Mondes en guerre. Tome I : De la préhistoire au Moyen-Âge, dirigé par Giusto Traina, Passés Composés, 18,90€
Ce premier tome d’une série d’ouvrages coédités avec le ministère des Armées s’attache à saisir le concept de conflit dès ses origines, et met l’accent sur une réalité : dans les sociétés prémodernes, la guerre est profondément enracinée dans les structures sociales et représente une norme. En exploitant l’étude des mondes en guerre, les auteurs relèvent que celle-ci n’est pas une histoire sans sujets, mais une histoire des sujets. Sans nier la pertinence de l’échelon national, elle n’en fait pas le mode exclusif de la conflictualité : remonter aux temps préhistoriques permet d’intégrer la variété des acteurs, modes et espaces qui ont structuré et l’ensemble des pratiques guerrières jusqu’à aujourd’hui.

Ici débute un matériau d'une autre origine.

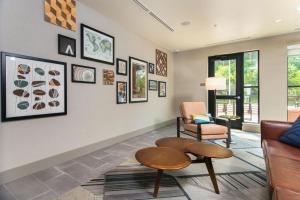 Four Points by Sheraton Deadwood的休息区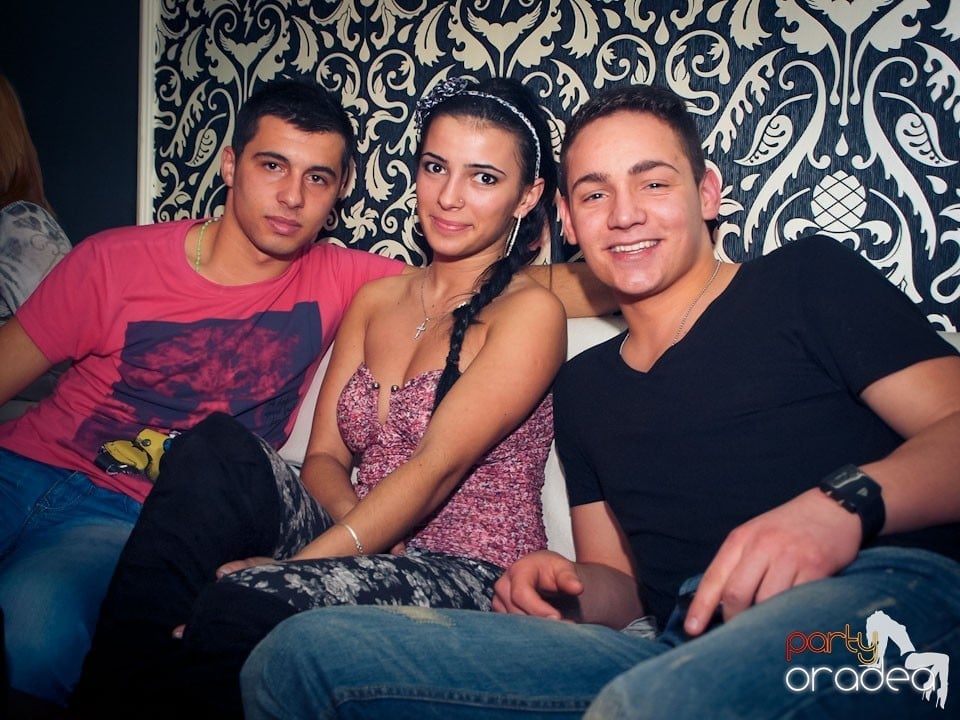 Vineri seara petrecem în Club Life,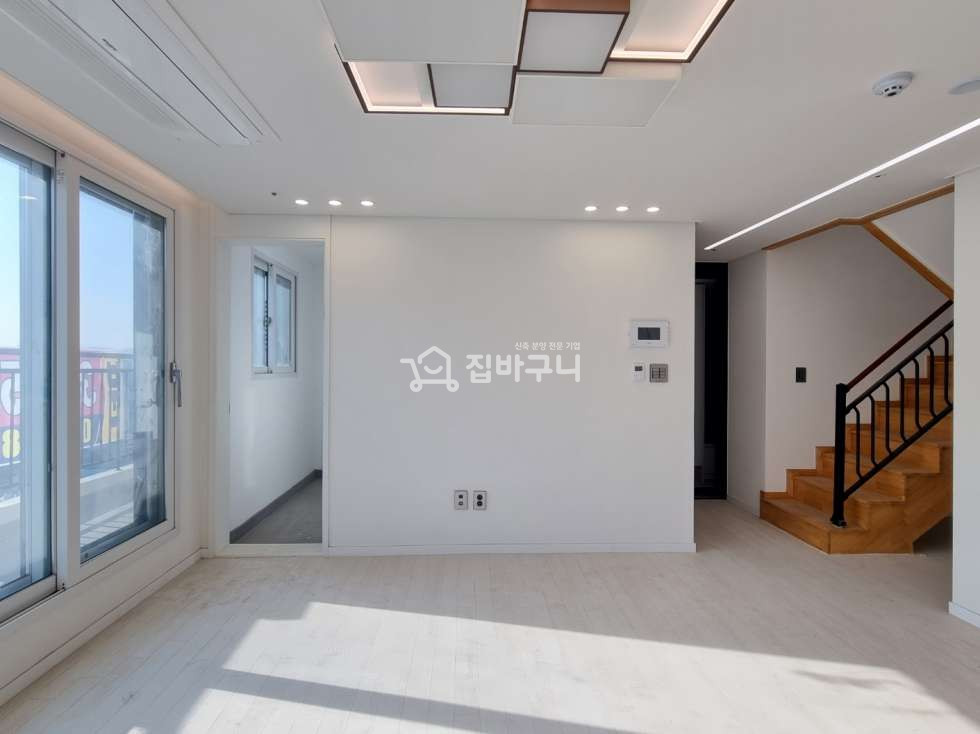 경기 부천원미구 원미동 공간 활용하기 좋은 넓찍~한 신축빌라 ! 5룸+테라스의 복층 매물★ 분양 매물번호 13252 사진 6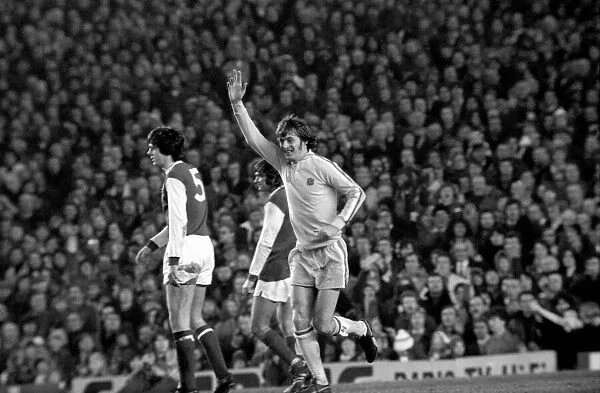 Football: Arsenal (1) vs. Leeds United (1). Division I. January 1977 77-00029-031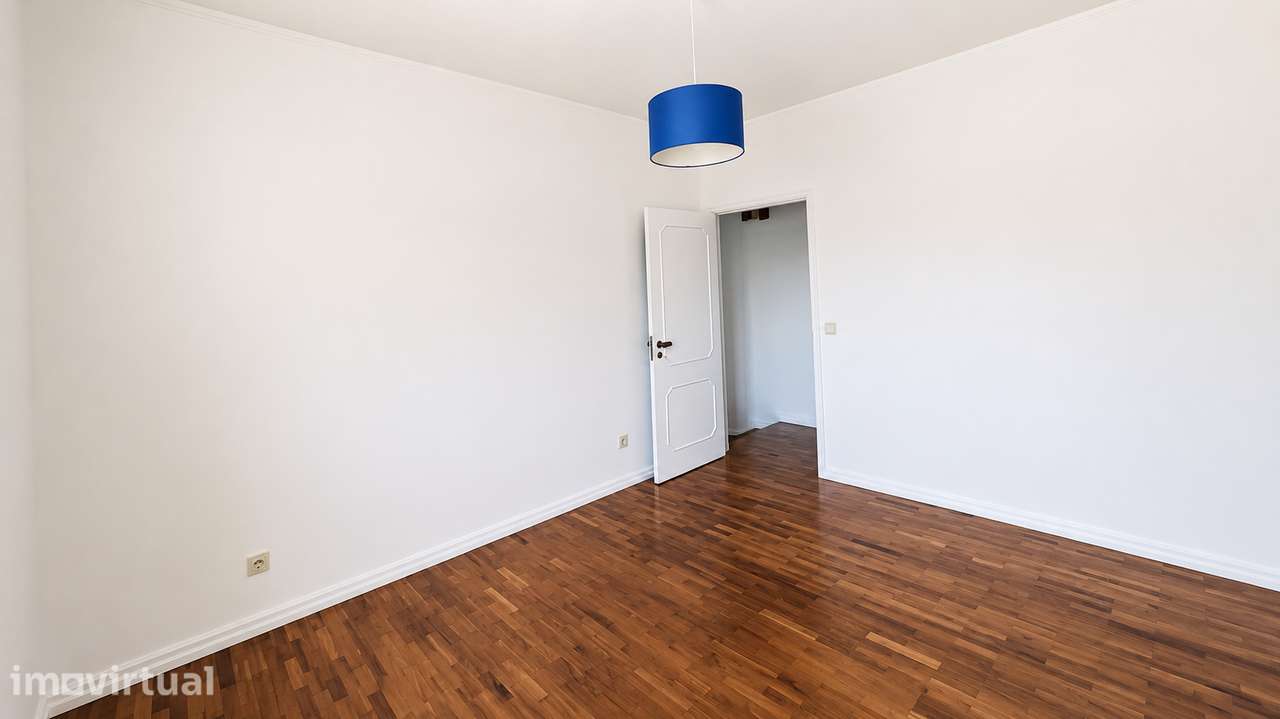Quarto para Arrendamento Próximo da Praia e do Centro [12m²]. - Grande imagem: 2/9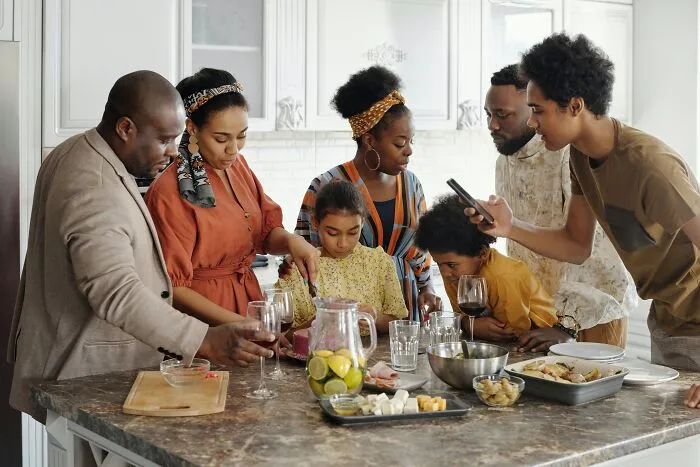 31 Things Parents Do That Obviously Show They’re Not Doing A Great Job, As Shared Online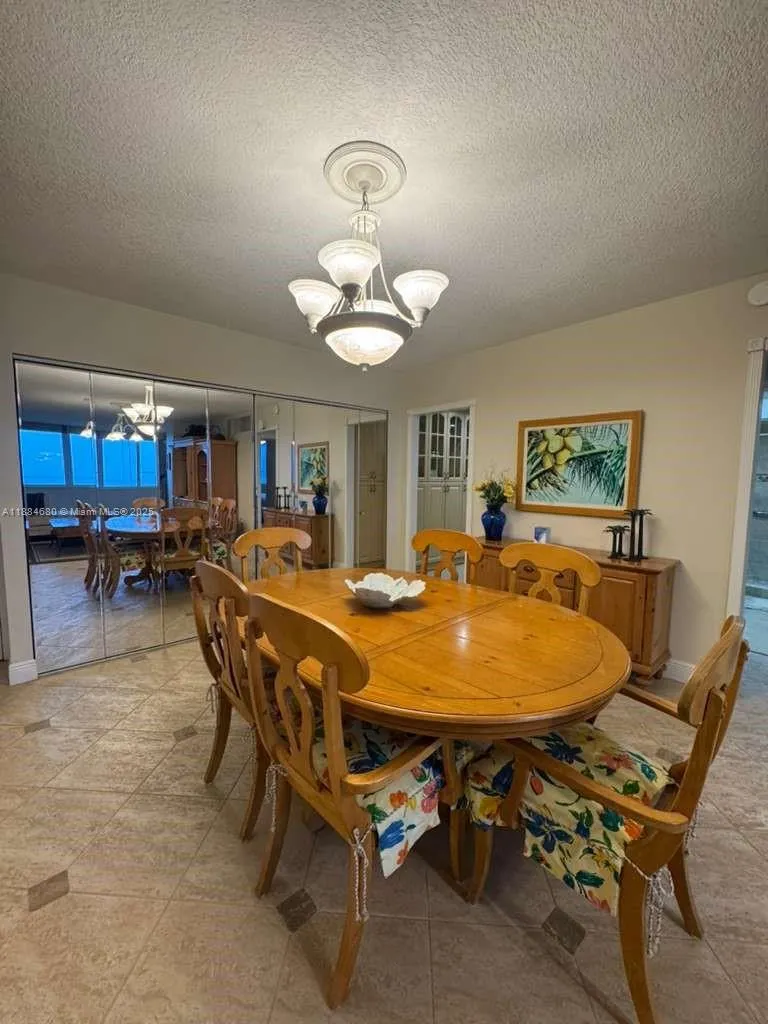 5005 Collins Ave, #714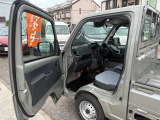 助手席も広々快適です!ぜひ1度ご来店いただきご乗車ください!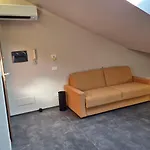 Moderna Mansarda Con Parcheggio Gratuito Appartamento Alba (Piedmont)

La montée progressive de violence entre les hommes s’ouvre au Néolithique, et se routinise peu à peu, donnant bientôt lieu à une véritable culture de la guerre. Celle-ci s’accompagne dès lors d’une technologie des conflits. Le tome I des Mondes en Guerre, après avoir amorcé avec les premières traces de guerre entre groupes humains, se penche ensuite sur l’étude des mondes méditerranéens, chinois et indiens, et s’achève sur les guerres médiévales, entre la guerre de Cent Ans et l’expansion mongole, en passant par les conquêtes de l’Islam. Un ouvrage qui livre une étude exhaustive des conflits historiques dans le monde et permet de mieux saisir à quel point la guerre est structurante des sociétés de tous les continents.